Even stranger, speaking of Arnold, is the uptick in over-the-hill action stars hitting the screen with guns a-blazing now that they’ve either won their Oscars or stopped trying. This genre is where Liam Neeson is a Viking: he’s Hollywood’s undisputed badass of the AARP. Neeson sells(ish) the old, weary, broken-down action hero because he does it all with a self-conscious cocktail of defeat and resigned acceptance. The dignity of Neeson’s persona and the lack thereof in his current films (minus The Lego Movie) makes the old dog actioner a novelty, especially now that he has fully appropriated and embraced said novelty. It’s a shame that The Gunman isn’t a Liam Neeson movie. I half-seriously mean that sentiment.
The Gunman brings far too much sternness
as Neeson’s Taken director guides
Sean Penn in a rare action role as humanitarian/gun-for-hire Jim Terrier.

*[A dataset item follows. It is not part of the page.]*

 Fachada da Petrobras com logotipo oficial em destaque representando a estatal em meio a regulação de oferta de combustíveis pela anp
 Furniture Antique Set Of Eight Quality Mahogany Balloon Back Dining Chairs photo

Terrier finds himself on the run and under fire when he pulls the trigger on a
government official in the Democratic Republic of Congo. He ditches his girl,
Annie (Jasmine Trinca), and gets outta Dodge (but then comes right back) and a
bunch of baddies soon come wielding machetes and wanting revenge. Naturally, he
blasts some holes in them.
Whatever happens in the first
hour(ish) of The Gunman is never
really clear as Penn looks at notes, flexes his biceps, scans flight manifests,
flexes his biceps some more (they are impressive!), and puts the puzzle
together whilst name-dropping a bunch of characters who have yet to appear or
have appeared with fleeting screen time. The
Gunman makes the headache extra meta by giving Terrier some unintelligible
neurological condition—something akin to a crippling brain fart that comes and
goes whenever shit gets real—to add an extra gimmick. (The ruse is a bit akin
to the drug that gives weathered action star Kevin Costner three days to live
in, well, 3 Days to Live.)
The Gunman frequently veers into the
realm of the unintentionally ridiculous as Terrier trots the globe and pukes
every now and then while reconnecting with Annie and the no-good NGO
something-or-other played by Javier Bardem. Bardem is hilariously and
delightfully awful with his over-the-top scene-chewing, and there are moments
in which The Gunman genuinely plays
well as campy, loony entertainment. Too many of the other actors, however
hardly, seem to be in on the joke—cough, cough, Mark Rylance as Cox—while one
burly, strapping bull (a real, actual bull with horns; not Sean Penn) ends the
film with a good solid laugh.
The Gunman just takes itself far too
seriously as Terrier defends himself and return fire in an all-out bloodbath
that never finds a moral centre to justify its grimness. Penn, like Neeson’s
first attempts at action, carries an air that clearly deserves better. Why does
the same man who does commendable humanitarian work in between performances of
searing depth and beauty (e.g. Mystic
River) even want to make a film that roars into exotic locales and blows
them to smithereens? The Gunman
offers a talking point about the corruption within some aid circles and the
interconnectedness of foreign governments and militia, but the muddled
screenplay doesn’t bring it out forcefully enough against the brutal and
relentless violence.
Penn admittedly fares very well
even if the material feels beneath him. He looks the part of an action hero and
his weariness makes Terrier a man who has seen far too much conflict for one
lifetime. Morel also brings the same slickness and edge that makes the Taken franchise so appealing to some viewers,
and The Gunman entertains enough,
just not on that level of a guilty pleasure that saves the Taken franchise from its similar mix of silliness and senseless
violence. Why don’t they all just make Red
3?
Rating: ★★ (out of ★★★★★)
The Gunman opens in theatres on March 20th.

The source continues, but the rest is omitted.